== Excerpted data ==

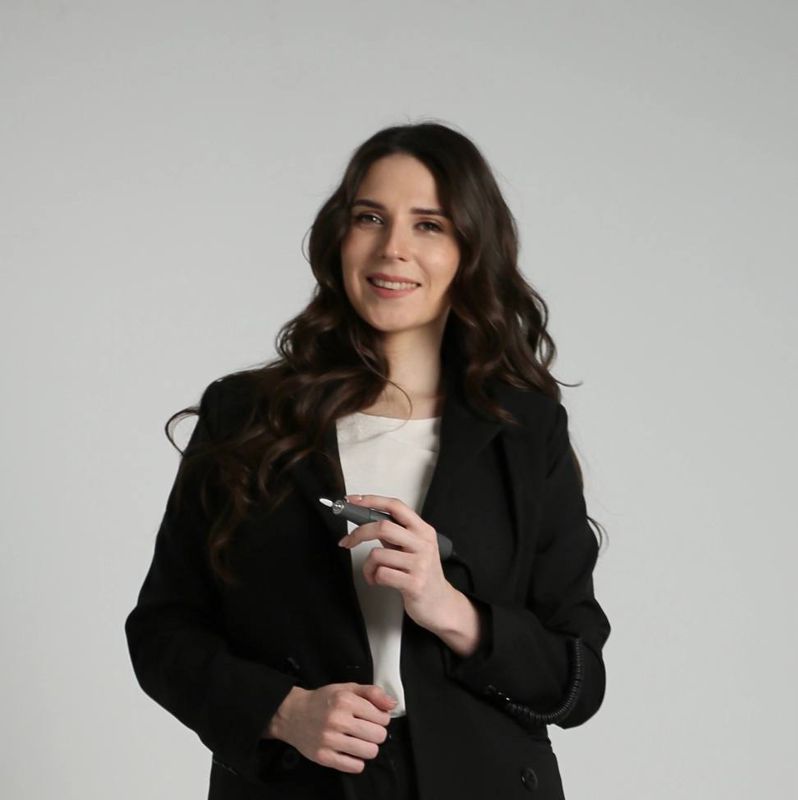 Маргарита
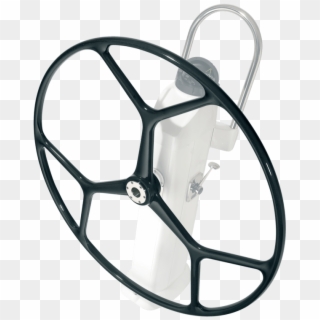 Wheel Clipart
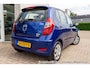 Hyundai i10 1.2 i-Drive Cool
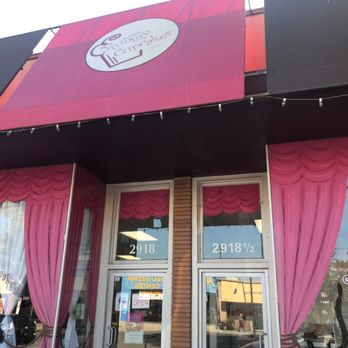 Yummy Cupcakes - Desserts Near Me - Burbank, California Yummy Cupcakes - Desserts Near Me - Burbank, California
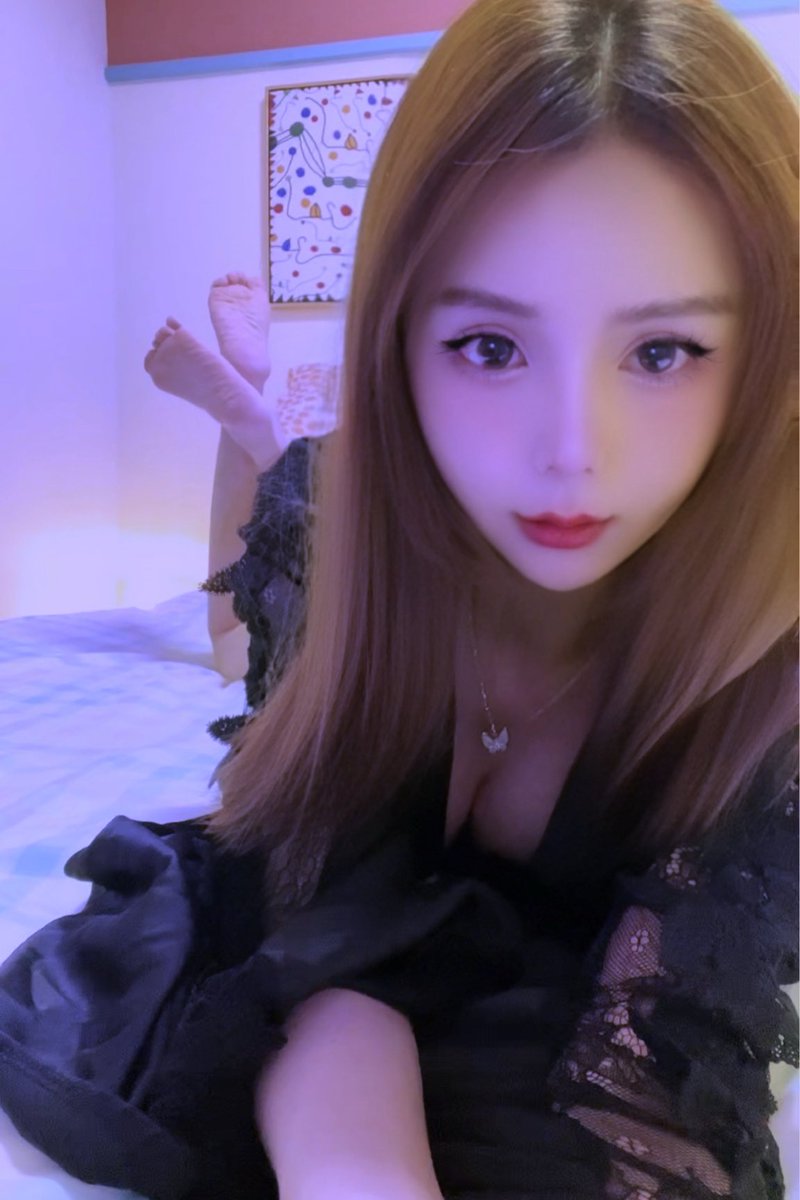 ZEJ2024 tweet picture 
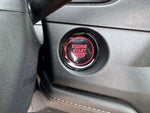 2024 Accord Thumbnail 9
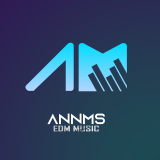 Music Producer - anonymous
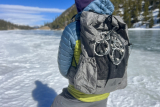 Yaktrax Diamond Grip Traction Device Review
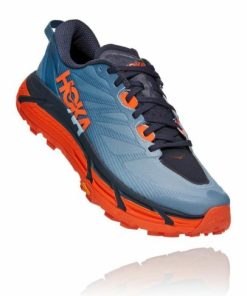 Funkwear.shop79ead49f04 1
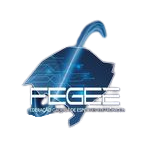 Federação Gaúcha de Esports (FEGES)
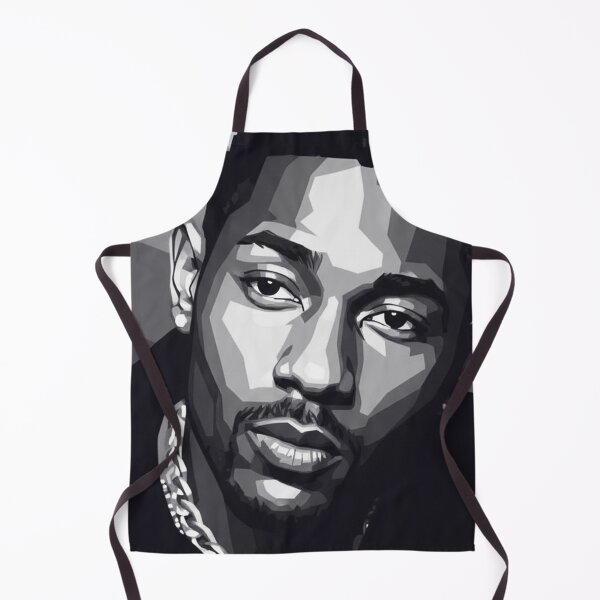 Item preview, Kendrick lamar  designed and sold by Japanese art.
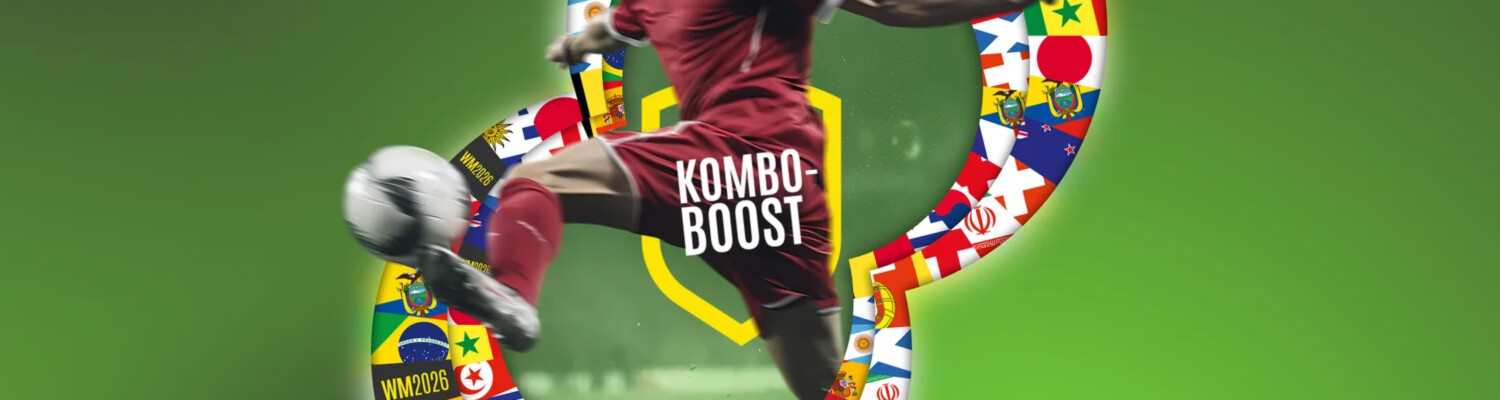 kombi-wetten-boostPC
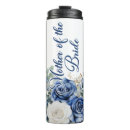 Search for mother hen mugs Elegant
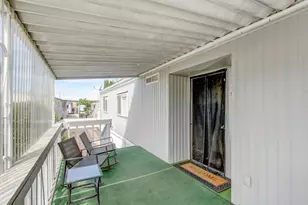 Floral Dr, Sacramento, CA 95834 - Photo 3
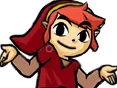 rshrug
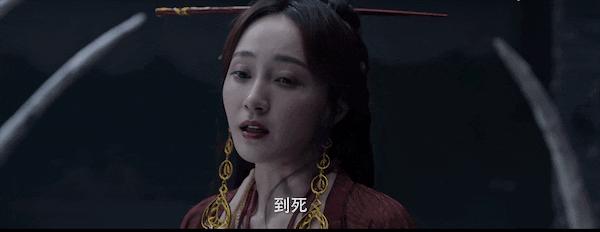 姚笛最新动态揭秘，小巷深处的独特风情体验
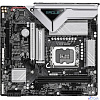 Gigabyte B860M EAGLE V2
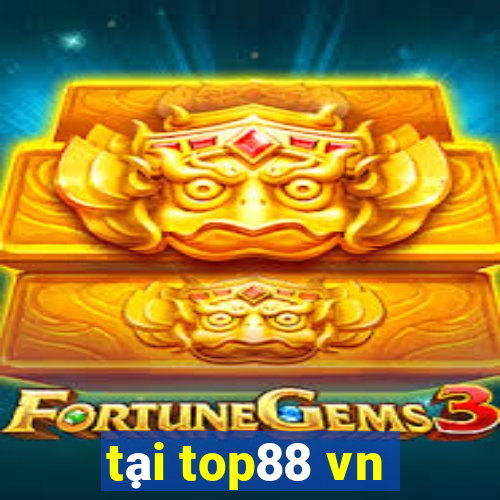 tại top88 vn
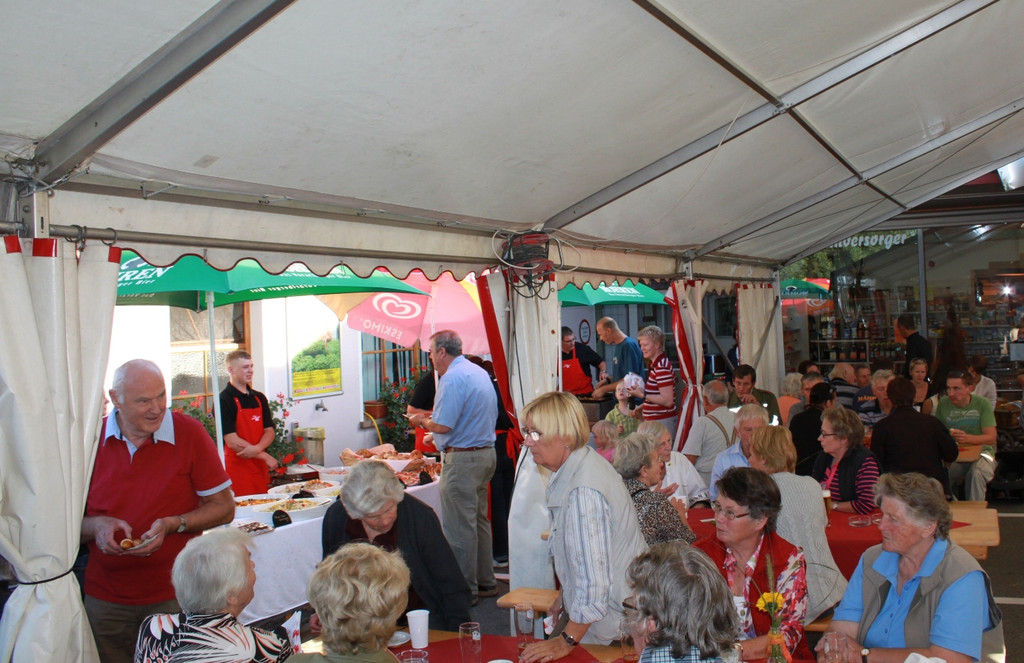 Duer Metzgerei Genussabend 16-09-2011 _12__jpg-1316247336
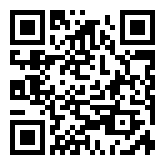 http://www.07rj.cn/post/121660.html
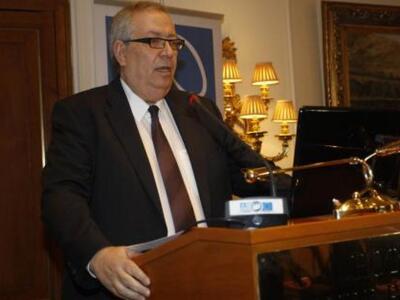 «Ιστορίες Εστίασης» με νοσταλγία για το ...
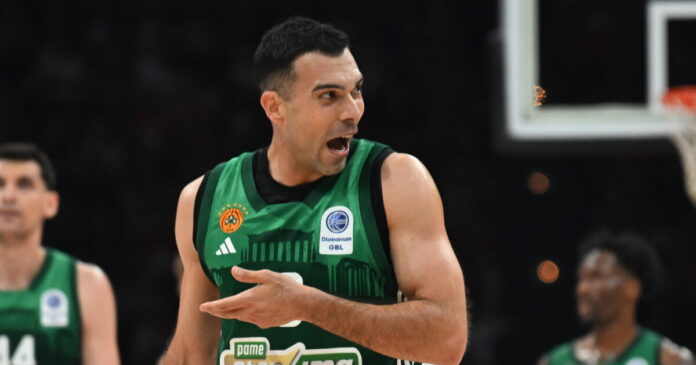 sloukas-2-1200x630.jpg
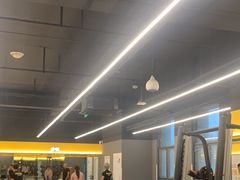 -FEELINGME乐刻私教馆·健身(玖悦荟店)
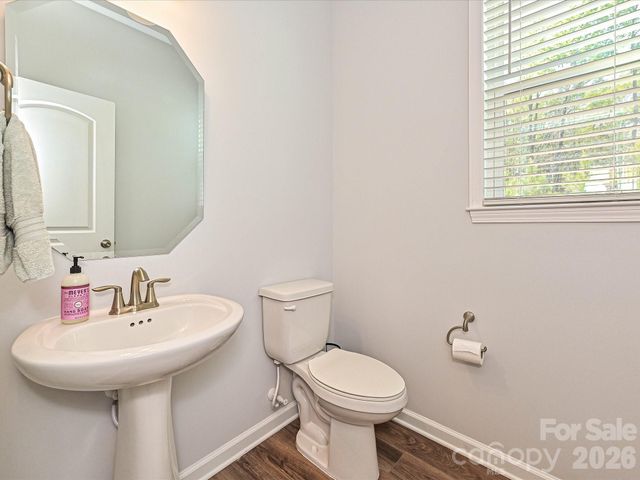 4716 Darcey Way, Indian Land, SC 29707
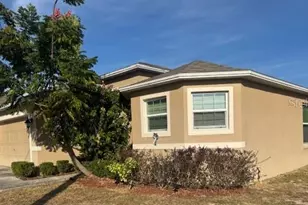 160 Polk SE Dr, Winter Haven, FL 33884 - Photo 40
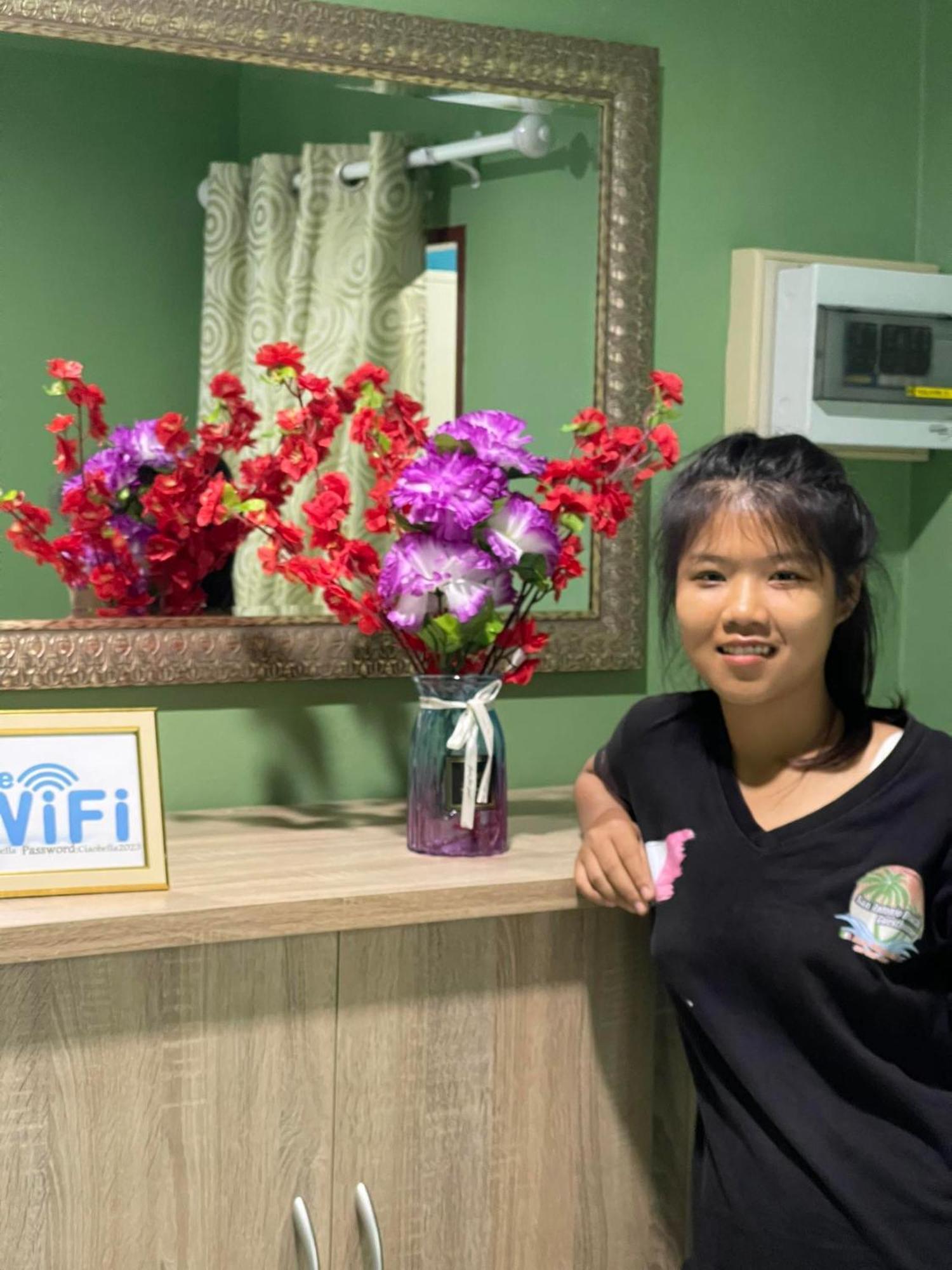 Ciao Bella & Bistro Bed & Breakfast *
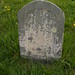 John Henrichs Photo 25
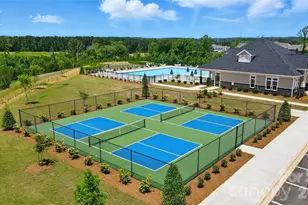 1770 Wardwell Dr, Sherrills Ford, NC 28673 - Photo 19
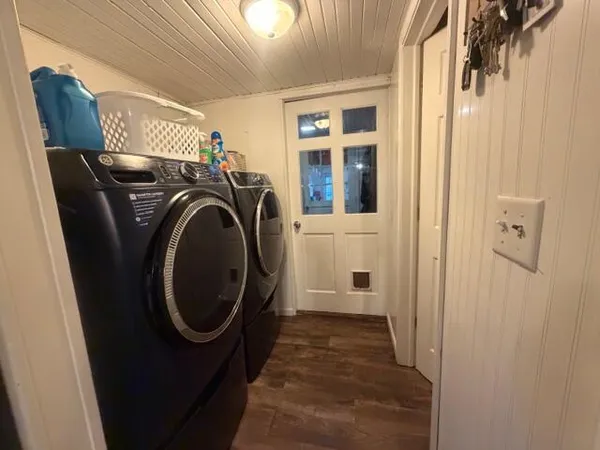 $399,900 | 500 East 136th Street, Grant, MI 49327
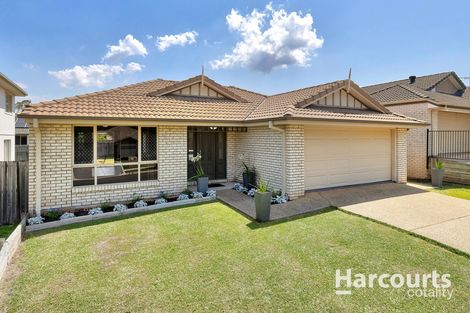 Property photo of 9 Latona Street Warner QLD 4500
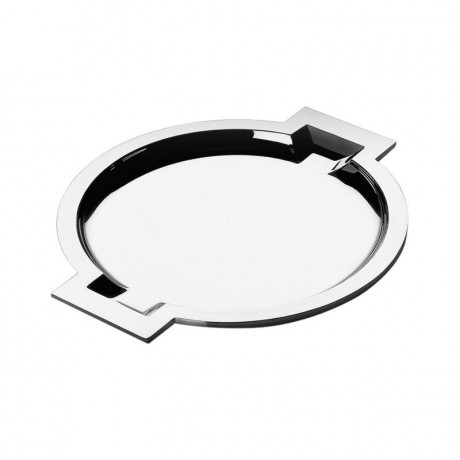 Robbe & Berking Robbe & Berking Alta 925 Sterling Silber Gemuseplatte 24 cm Robbe &amp; Berking Alta Овощное блюдо из стерлингового серебра 925 пробы 24 см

===

*What you will do*:
Taking the entries above, extract every line from the one bearing "Gigabyte B860M EAGLE V2" through the one bearing "4716 Darcey Way, Indian Land, SC 29707", exactly, with no pictures.

*Result of the exercise*:
 Gigabyte B860M EAGLE V2
 tại top88 vn
 Duer Metzgerei Genussabend 16-09-2011 _12__jpg-1316247336
 http://www.07rj.cn/post/121660.html
 «Ιστορίες Εστίασης» με νοσταλγία για το ...
 sloukas-2-1200x630.jpg
 -FEELINGME乐刻私教馆·健身(玖悦荟店)
 4716 Darcey Way, Indian Land, SC 29707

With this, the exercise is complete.